Everything from the "Vintage Tru Scale" line to the final line of the listing should be written out exactly. Skip the pictures.

- DATA TO USE:
== == ==

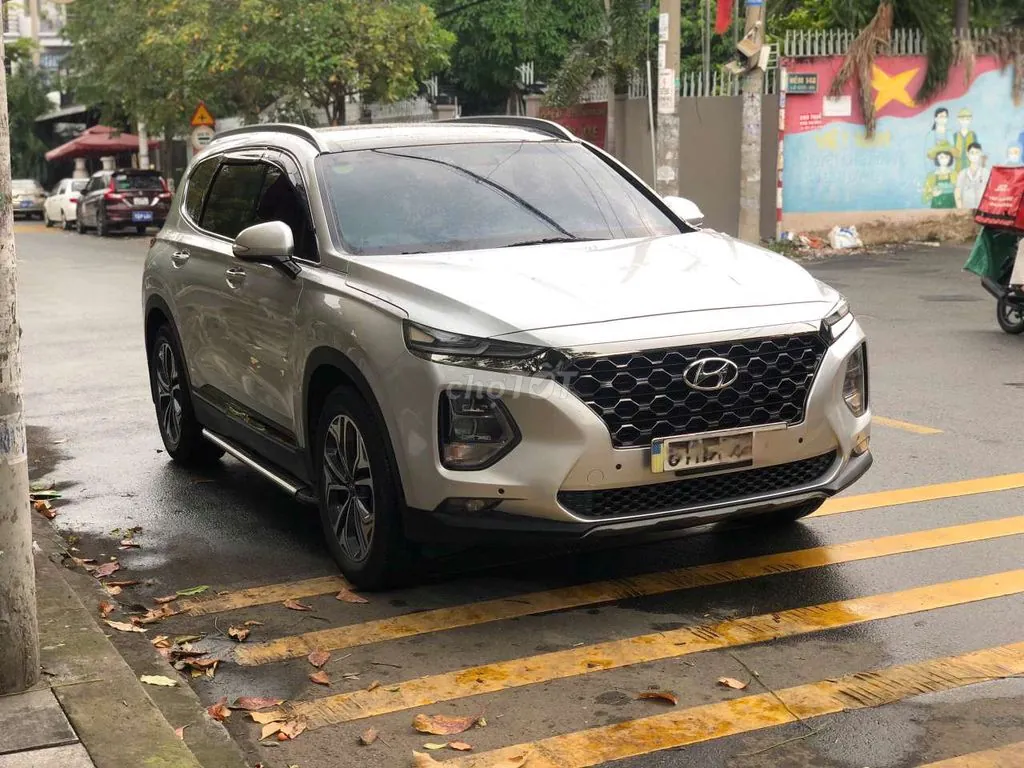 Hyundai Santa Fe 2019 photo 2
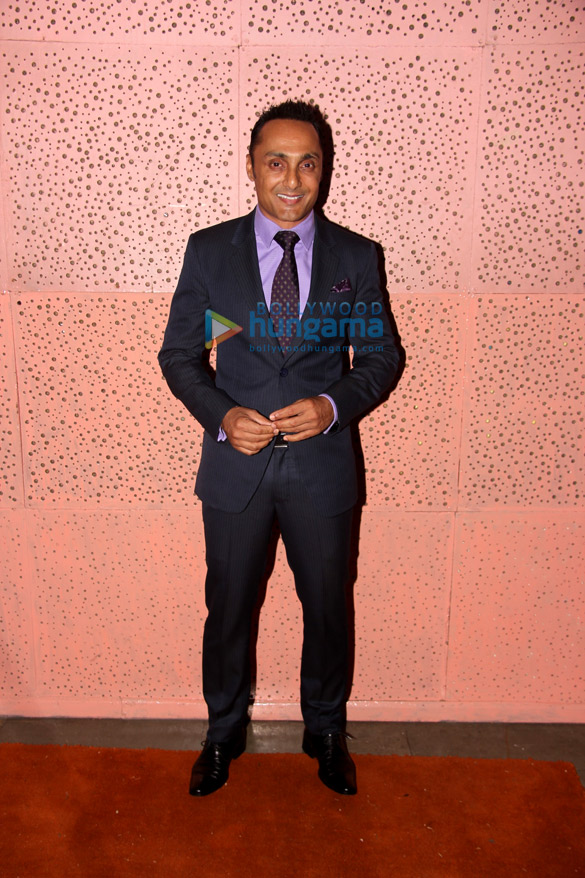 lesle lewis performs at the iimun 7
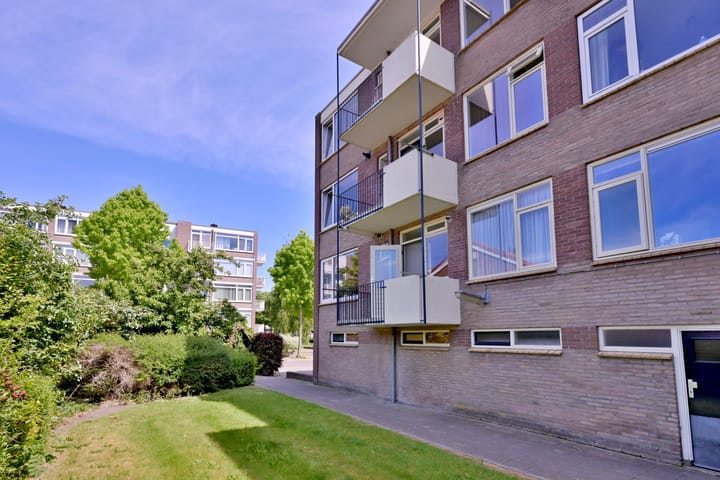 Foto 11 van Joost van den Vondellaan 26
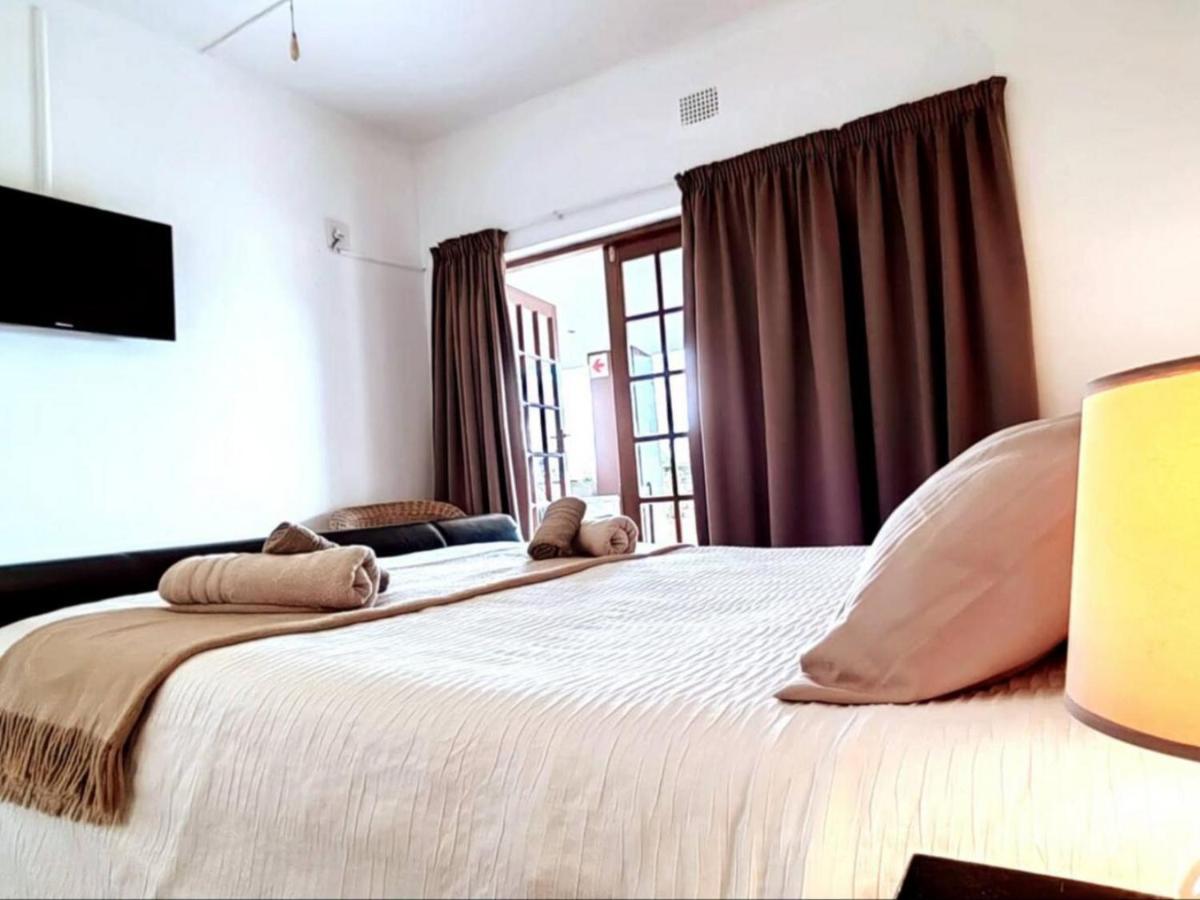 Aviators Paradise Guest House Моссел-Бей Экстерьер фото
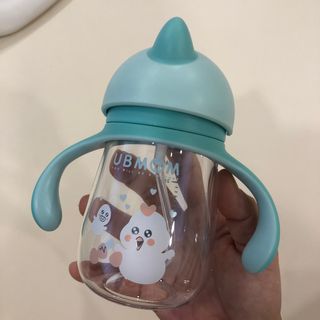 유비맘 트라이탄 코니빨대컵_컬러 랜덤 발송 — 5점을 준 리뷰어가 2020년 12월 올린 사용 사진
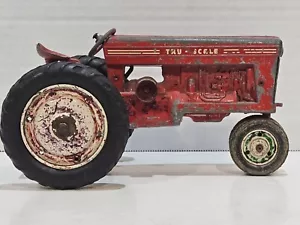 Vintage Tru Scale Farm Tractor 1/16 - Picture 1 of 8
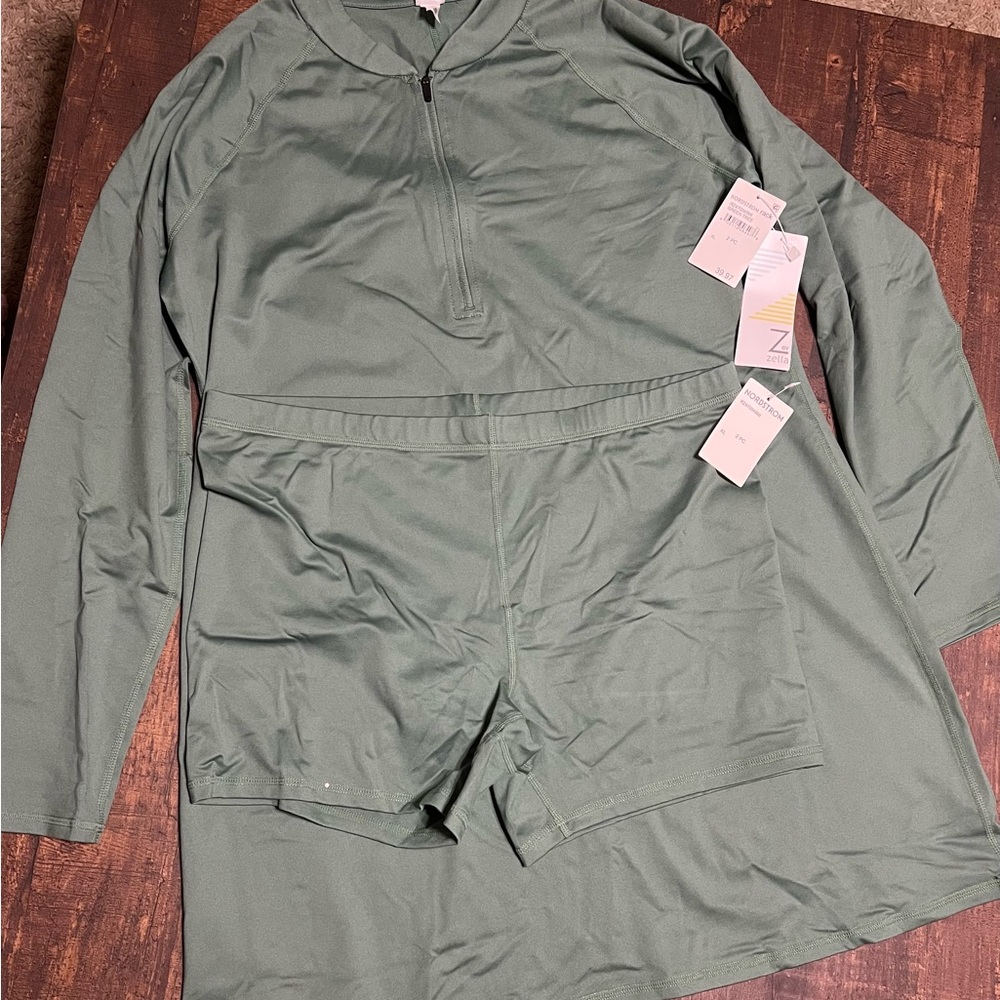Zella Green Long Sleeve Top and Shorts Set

== == ==

- WORKED SOLUTION:
 Vintage Tru Scale Farm Tractor 1/16 - Picture 1 of 8
Zella Green Long Sleeve Top and Shorts Set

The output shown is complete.